UK green taxonomy’s second mover advantage

Usability issues experienced with DNSH in the EU taxonomy, include inconsistent and ambiguous criteria, lack of clarity on definitions and inflexible disclosure. However, the UK can improve this given its “second mover advantage”.

The Government’s Green Technical Advisory Group (GTAG) has set out recommendations to streamline usability and ensure ‘do no significant harm’ (DNSH) assessments can be effectively placed in the UK taxonomy.

The UK taxonomy is expected to comprise two main elements for alignment. First, making a significant contribution to one of the six environmental objectives. Second, to do no significant harm to the other five environmental objectives. The principle of DNSH is a key component which ensures that economic activities support one environmental objective and do not have an adverse impact on others.

In its latest analysis, GTAG sets out the challenges and recommends revisions and streamlining be undertaken. Further, GTAG also recommends that the Government should move beyond the binary approach to DNSH reporting that is currently the norm and adopt an approach to reporting that would enable companies with activities that are not fully taxonomy aligned, but meet the substantial contribution and some DNSH criteria, to disclose the extent to which they meet the DNSH criteria.

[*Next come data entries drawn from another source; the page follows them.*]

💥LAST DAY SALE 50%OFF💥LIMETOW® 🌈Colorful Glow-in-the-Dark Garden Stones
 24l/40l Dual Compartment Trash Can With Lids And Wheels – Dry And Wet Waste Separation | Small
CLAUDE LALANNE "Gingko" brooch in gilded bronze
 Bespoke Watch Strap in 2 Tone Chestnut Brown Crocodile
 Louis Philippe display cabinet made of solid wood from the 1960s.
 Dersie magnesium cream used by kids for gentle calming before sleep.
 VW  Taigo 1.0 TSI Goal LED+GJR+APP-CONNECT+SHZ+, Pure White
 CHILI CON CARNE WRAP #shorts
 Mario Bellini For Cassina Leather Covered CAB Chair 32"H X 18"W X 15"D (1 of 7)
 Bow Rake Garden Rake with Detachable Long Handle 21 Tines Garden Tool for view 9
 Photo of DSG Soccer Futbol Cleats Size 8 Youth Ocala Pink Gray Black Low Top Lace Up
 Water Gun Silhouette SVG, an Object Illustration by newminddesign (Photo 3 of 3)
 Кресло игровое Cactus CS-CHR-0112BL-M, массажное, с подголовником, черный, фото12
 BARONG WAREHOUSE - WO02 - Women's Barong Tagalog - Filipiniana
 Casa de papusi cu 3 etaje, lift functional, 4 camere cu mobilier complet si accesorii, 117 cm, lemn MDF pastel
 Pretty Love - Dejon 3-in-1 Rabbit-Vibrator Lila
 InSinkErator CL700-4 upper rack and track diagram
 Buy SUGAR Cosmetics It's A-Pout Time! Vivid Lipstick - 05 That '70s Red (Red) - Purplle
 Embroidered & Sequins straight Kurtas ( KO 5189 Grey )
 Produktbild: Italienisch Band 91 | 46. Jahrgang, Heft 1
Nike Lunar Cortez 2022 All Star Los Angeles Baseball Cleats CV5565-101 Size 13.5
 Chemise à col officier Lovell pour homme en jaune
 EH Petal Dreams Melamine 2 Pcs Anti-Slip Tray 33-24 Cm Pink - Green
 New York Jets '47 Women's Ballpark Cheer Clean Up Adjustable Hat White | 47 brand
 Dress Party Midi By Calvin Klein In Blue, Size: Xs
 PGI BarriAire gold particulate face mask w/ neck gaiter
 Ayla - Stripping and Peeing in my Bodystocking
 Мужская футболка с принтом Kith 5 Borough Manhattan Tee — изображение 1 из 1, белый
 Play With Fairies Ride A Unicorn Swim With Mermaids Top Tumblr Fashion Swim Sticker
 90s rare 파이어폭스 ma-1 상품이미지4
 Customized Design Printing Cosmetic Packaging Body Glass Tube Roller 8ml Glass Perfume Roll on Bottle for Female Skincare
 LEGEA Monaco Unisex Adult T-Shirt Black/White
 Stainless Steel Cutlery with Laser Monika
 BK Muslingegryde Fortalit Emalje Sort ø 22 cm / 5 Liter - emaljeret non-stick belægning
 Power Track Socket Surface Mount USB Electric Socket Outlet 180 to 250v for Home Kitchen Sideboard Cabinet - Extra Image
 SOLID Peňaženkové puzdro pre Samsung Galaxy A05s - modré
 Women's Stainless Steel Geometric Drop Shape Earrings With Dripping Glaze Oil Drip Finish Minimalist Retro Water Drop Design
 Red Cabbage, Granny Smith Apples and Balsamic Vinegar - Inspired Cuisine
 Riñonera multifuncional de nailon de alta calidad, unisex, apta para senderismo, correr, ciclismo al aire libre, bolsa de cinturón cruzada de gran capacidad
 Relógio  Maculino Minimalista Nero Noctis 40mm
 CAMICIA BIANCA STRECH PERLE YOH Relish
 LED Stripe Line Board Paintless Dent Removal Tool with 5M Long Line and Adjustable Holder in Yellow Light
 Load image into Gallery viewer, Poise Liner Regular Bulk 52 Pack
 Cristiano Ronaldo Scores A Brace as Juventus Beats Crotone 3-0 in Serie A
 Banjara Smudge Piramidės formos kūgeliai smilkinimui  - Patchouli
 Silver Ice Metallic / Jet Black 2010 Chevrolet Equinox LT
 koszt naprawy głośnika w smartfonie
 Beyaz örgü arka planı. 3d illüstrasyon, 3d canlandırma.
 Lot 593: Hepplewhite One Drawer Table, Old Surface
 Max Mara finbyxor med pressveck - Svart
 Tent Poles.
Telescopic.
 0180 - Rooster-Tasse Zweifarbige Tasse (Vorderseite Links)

GTAG’s advice is that by adopting a revised approach to drafting DNSH criteria, levels of identifiable taxonomy alignment can be improved and enable the UK to set a new approach, reinforcing the UK’s role as a world leader in green finance.

There has been a near global adoption of DNSH in taxonomies under development internationally, and the Government should socialise this new approach to DNSH through its membership of the International Platform on Sustainable Finance and the International Organization of Securities Commissions. This will put the UK at the forefront of the drive toward global Green Taxonomy harmonisation.